Wavelet-based spatial audio framework
This work addresses spatial audio quality issues for audio engineers and VR/AR applications, representing an incremental improvement over existing Ambisonics methods.
The paper tackles the limitations of low-order Ambisonics, such as poor source directivity and small sweet-spot, by proposing a novel spatial audio framework that replaces spherical harmonics with spherical wavelets, developing a complete encoding-to-decoding chain and showing it can be optimized for irregular loudspeaker layouts.
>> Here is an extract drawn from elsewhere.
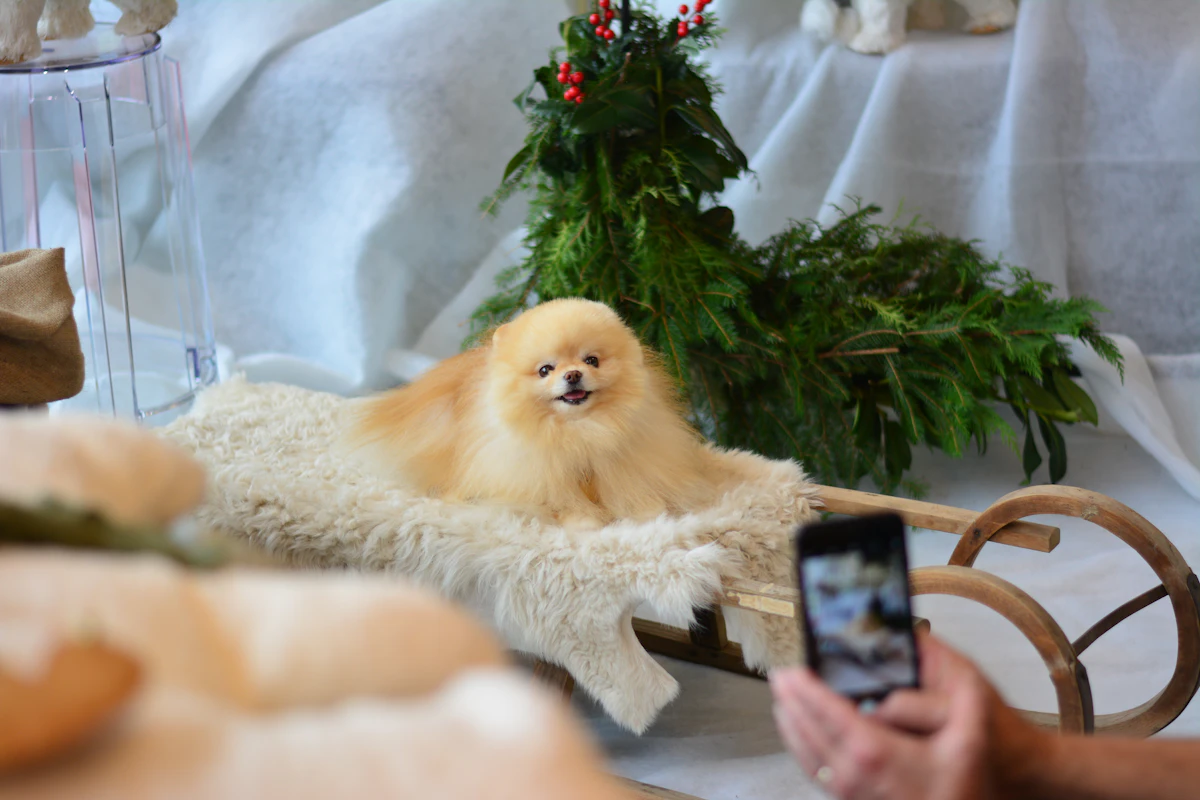 A happy dog sitting indoors, representing the joy of a healthy pet enjoying smart pet tech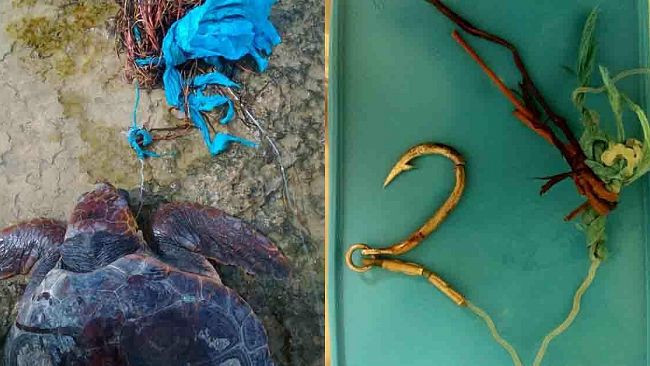 Centro di Primo Soccorso per Tartarughe Marine dell’AMP “Isole Egadi”: salvato nuovo esemplare di Caretta caretta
Ambisonics is a complete theory for spatial audio whose building blocks are the spherical harmonics. Some of the drawbacks of low order Ambisonics, like poor source directivity and small sweet-spot, are directly related to the properties of spherical harmonics. In this thesis we illustrate a novel spatial audio framework similar in spirit to Ambisonics that replaces the spherical harmonics by an alternative set of functions with compact support: the spherical wavelets. We develop a complete audio chain from encoding to decoding, using discrete spherical wavelets built on a multiresolution mesh. We show how the wavelet family and the decoding matrices to loudspeakers can be generated via numerical optimization. In particular, we present a decoding algorithm optimizing acoustic and psychoacoustic parameters that can generate decoding matrices to irregular layouts for both Ambisonics and the new wavelet format. This audio workflow is directly compared with Ambisonics.